Here's what Indiana's Stand Your Ground Law says:
(i) A person is justified in using reasonable force against a public servant if the person reasonably believes the force is necessary to: (1) protect the person or a third person from what the person reasonably believes to be the imminent use of unlawful force; (2) prevent or terminate the public servant's unlawful entry of or attack on the person's dwelling, curtilage, or occupied motor vehicle; or (3) prevent or terminate the public servant's unlawful trespass on or criminal interference with property lawfully in the person's possession, lawfully in possession of a member of the person's immediate family, or belonging to a person whose property the person has authority to protect.

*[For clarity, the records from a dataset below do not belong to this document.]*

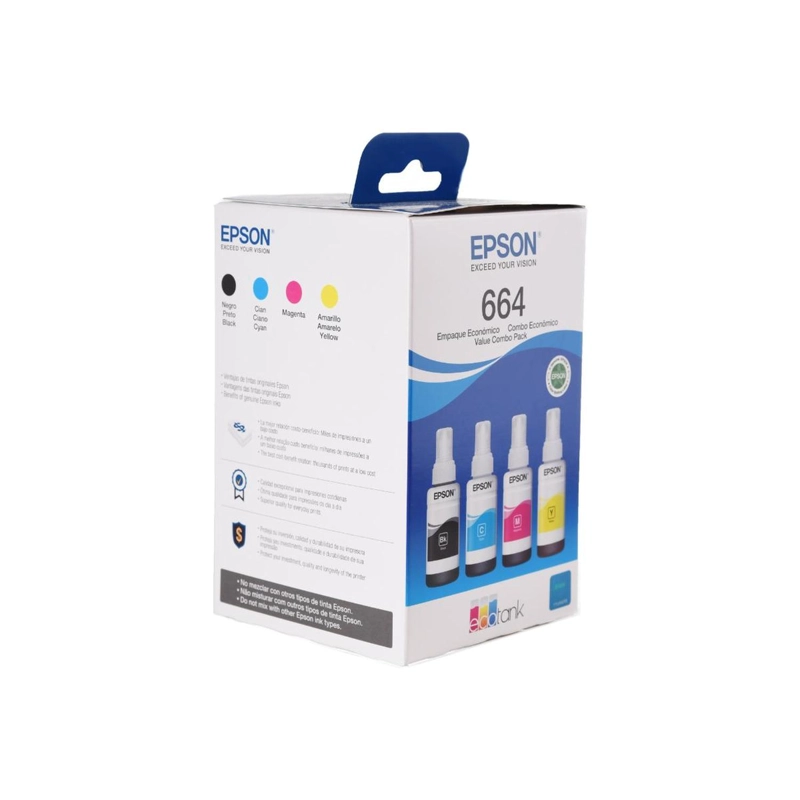 PACK 4 BOTELLAS TINTA EPSON T664 NEGRO/CYAN/MAGENTA/AMARILLA - 2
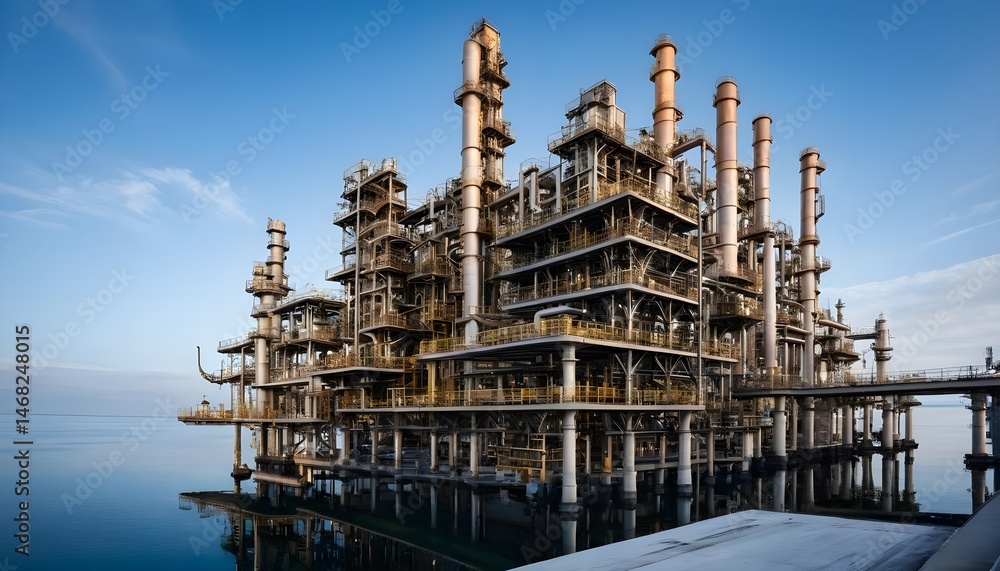 Industrial Refinery on Water's Edge at Dawn Industrial Refinery on Water's Edge at Dawn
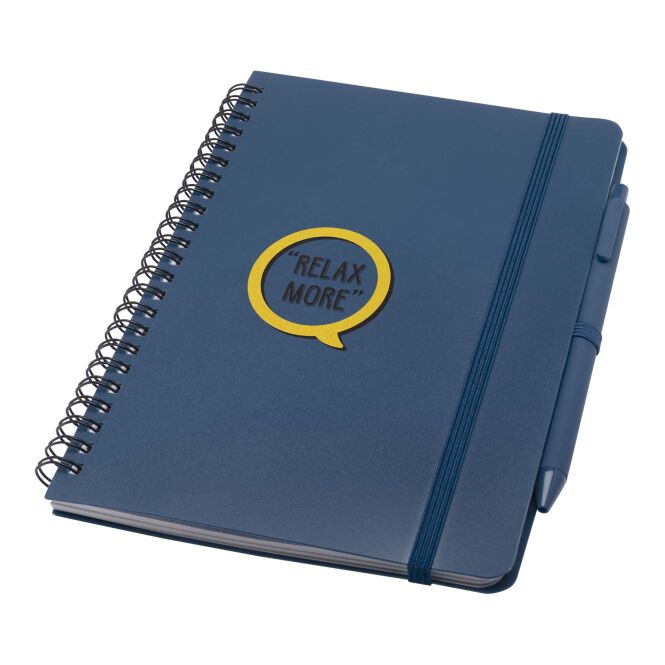 Mitarbeitergeschenk Notizbuch Thalaasa A5 – ozeanblau – mit 48h Express-Logodruck 80 Blatt 70g Papier aus rPET nachhaltiges Journal CSR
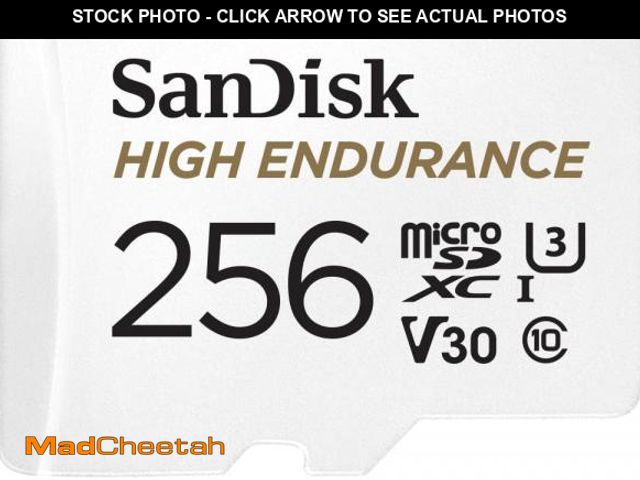 Lot 74-12220409 - SanDisk 256GB High Endurance Video microSDXC Card with Adapter for Dash Cam and Home Monitoring syst...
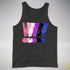 Genderfluid Pride Grunge Exclamation Points Premium Tank Top - Charcoal Triblend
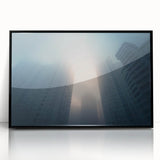City Skyline Wall Art – Foggy Urban Landscape Photography Print
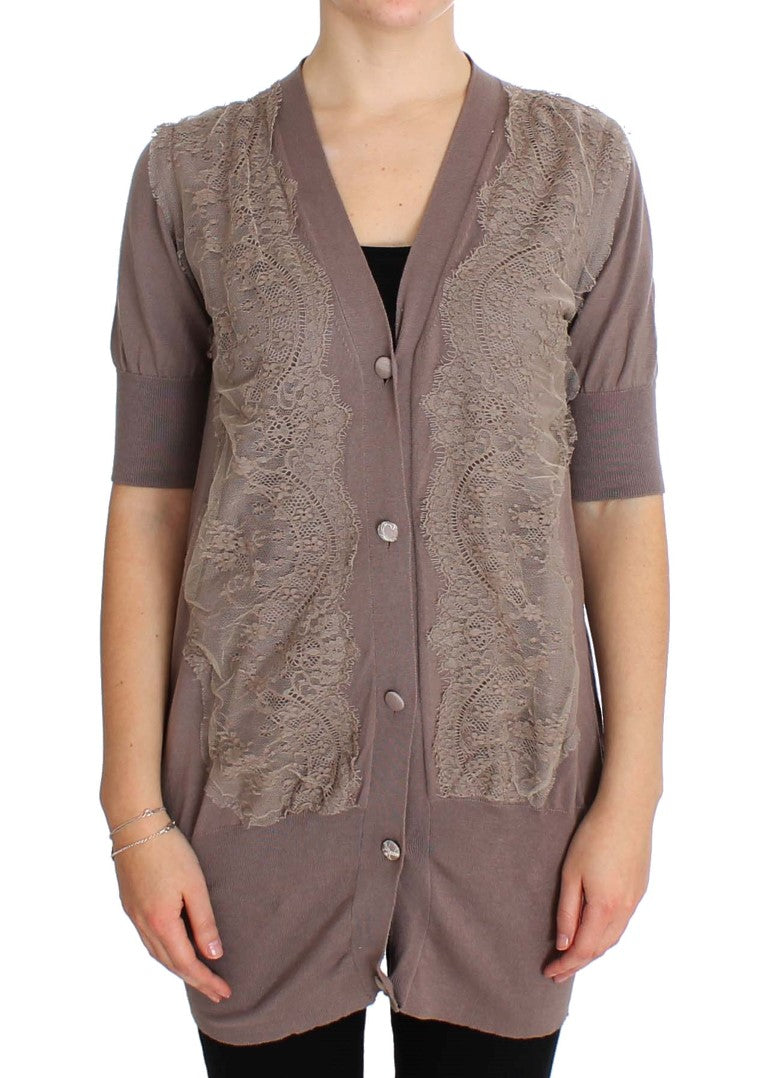 Elegant Purple Cotton Lace Cardigan Sweater - SEHABRANDS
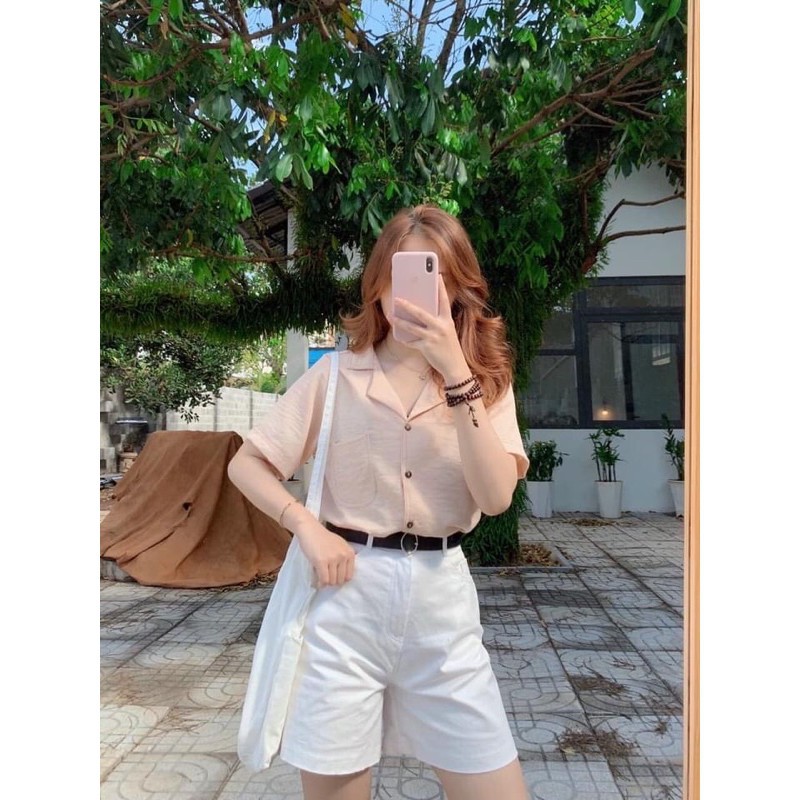[EVACICI] Áo sơ mi thô đũi viền cổ, áo kiểu nữ cộc tay cổ vest viền chỉ freesize. ( ảnh thật) | BigBuy360 - bigbuy360.vn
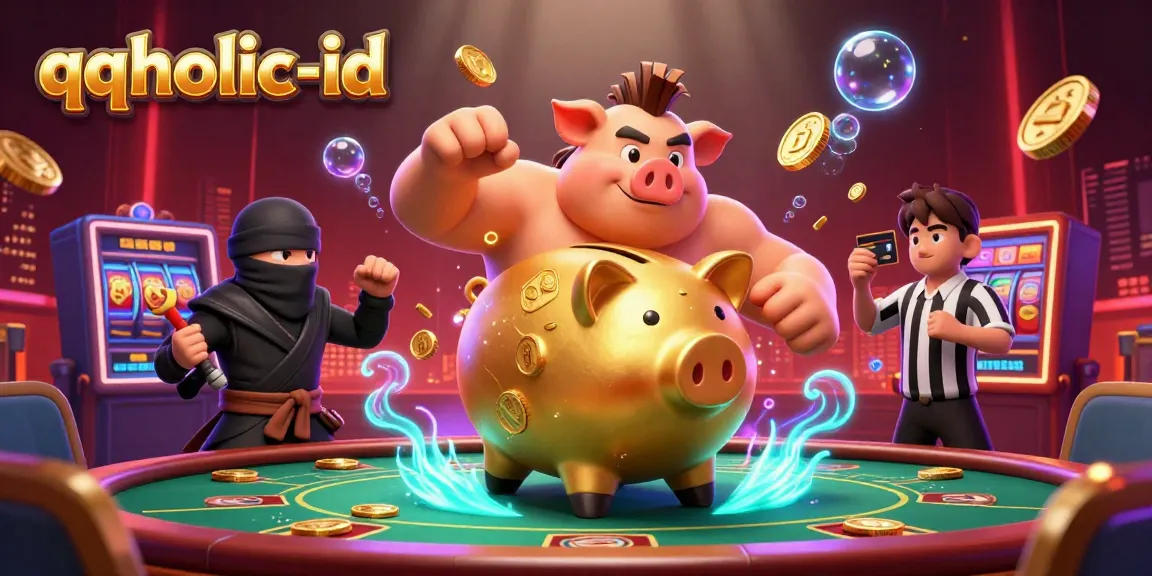 Engage in thrilling gameplay at qqholic-id with vibrant casino elements and 3D characters.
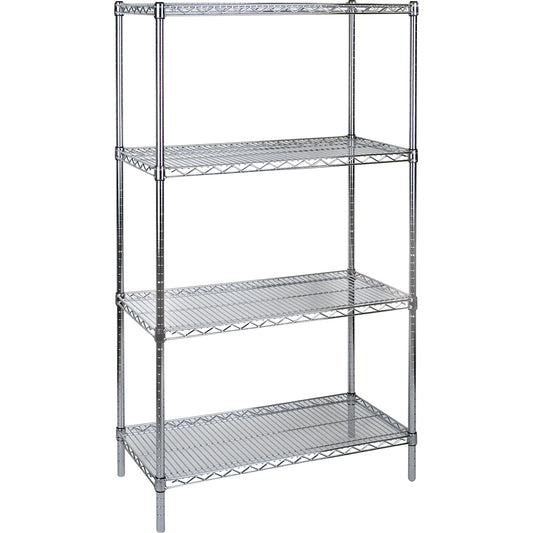 Étagère robuste en treillis chromé, Tiers 4, 48"L x 63"H x 24"P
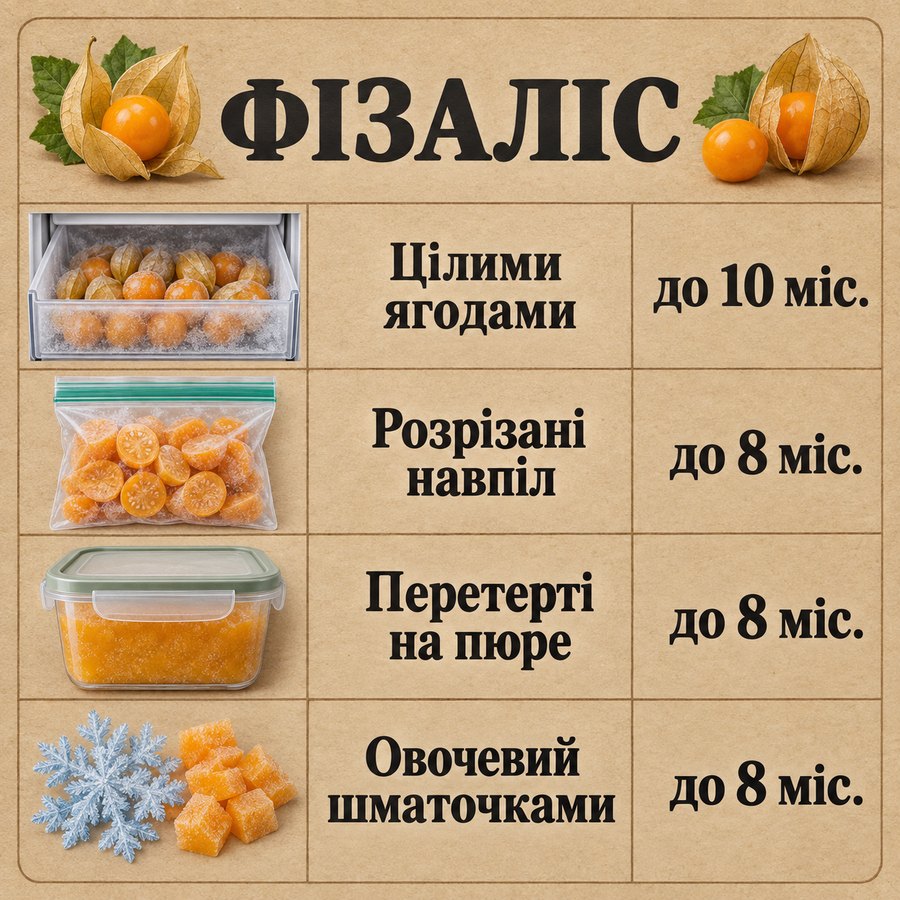 Терміни зберігання в морозилці: Фізаліс - Цілими ягодами до 10 міс., Розрізані навпіл до 8 міс., Перетерті на пюре до 8 міс., Овочевий шматочками до 8 міс.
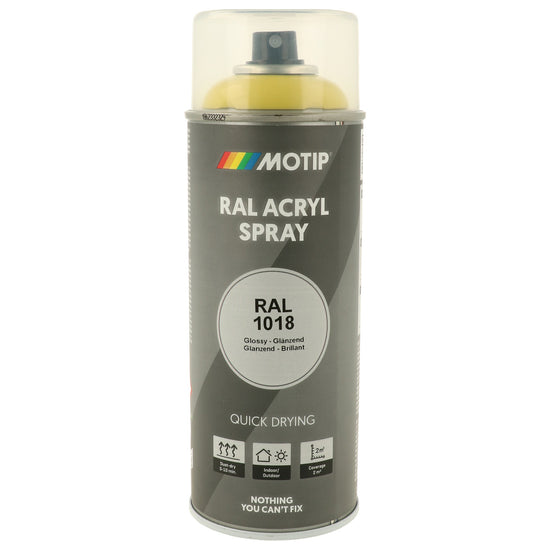 PEINTURE SECHAGE RAPIDE RAL ACRYL RAL1018 BRILLANT AEROSOL 400ML MOTIP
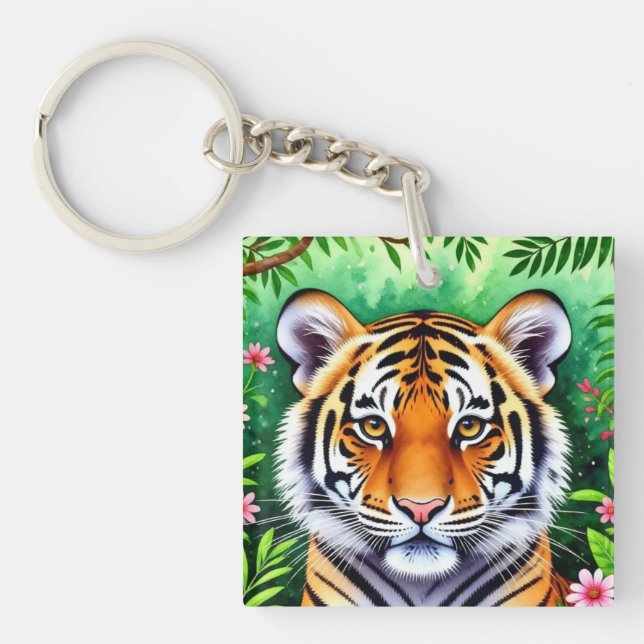 Porte-clefs Tigreau botanique audacieux  (Devant)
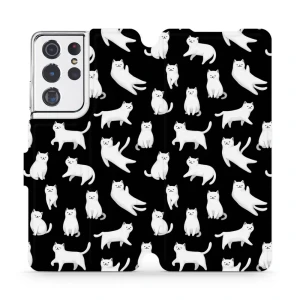 Etui z klapką do Galaxy S21 Ultra, Mobiwear Book, kotki luna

(j) Notwithstanding subsection (i), a person is not justified in using force against a public servant if: (1) the person is committing or is escaping after the commission of a crime; (2) the person provokes action by the public servant with intent to cause bodily injury to the public servant; (3) the person has entered into combat with the public servant or is the initial aggressor, unless the person withdraws from the encounter and communicates to the public servant the intent to do so and the public servant nevertheless continues or threatens to continue unlawful action; or (4) the person reasonably believes the public servant is: (A) acting lawfully; or (B) engaged in the lawful execution of the public servant's official duties.
(k) A person is not justified in using deadly force against a public servant whom the person knows or reasonably should know is a public servant unless: (1) the person reasonably believes that the public servant is: (A) acting unlawfully; or (B) not engaged in the execution of the public servant's official duties; and (2) the force is reasonably necessary to prevent serious bodily injury to the person or a third person.